Emerging-market equity fund managers face an unusual problem: their best investments are performing so well that compliance rules now force them to stop buying.
TSMC, Samsung Electronics, and SK Hynix have grown so dominant in EM portfolios that many managers are hitting internal mandate limits on single-stock and sector concentration. The result is a forced rotation, driven not by bearishness on semiconductors, but by hard caps on allocation.
These three giants now represent about 24% of the MSCI Emerging Markets Index - nearly a quarter of an index designed for broad developing-economy exposure sits in just two countries and three stocks.
A JPMorgan report from June flagged the issue. Managers aren't selling because they think the AI trade is over. They're selling because compliance departments say they must.
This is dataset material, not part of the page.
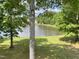 Scenic lake view with mature trees, green lawn, and wildlife, creating a peaceful and natural setting at 3309 Westcott Cir, Sanford, NC 27330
The reason these stocks got so big is artificial intelligence. Insatiable demand for advanced chips and high-bandwidth memory has made TSMC, Samsung, and SK Hynix the backbone of the AI hardware supply chain. SK Hynix recently joined the $1 trillion market-cap club alongside TSMC and Samsung.
Funds forced to trim aren't abandoning tech or Asia. They're reallocating to other semiconductor-related names within Taiwan and the broader EM universe - chip packaging, testing, design services, and mid-cap manufacturers.
The key takeaway: this selling is mechanical, not fundamental. But mechanical selling still moves prices, and the risk is that capital flows simply concentrate into a new set of crowded trades down the market-cap spectrum.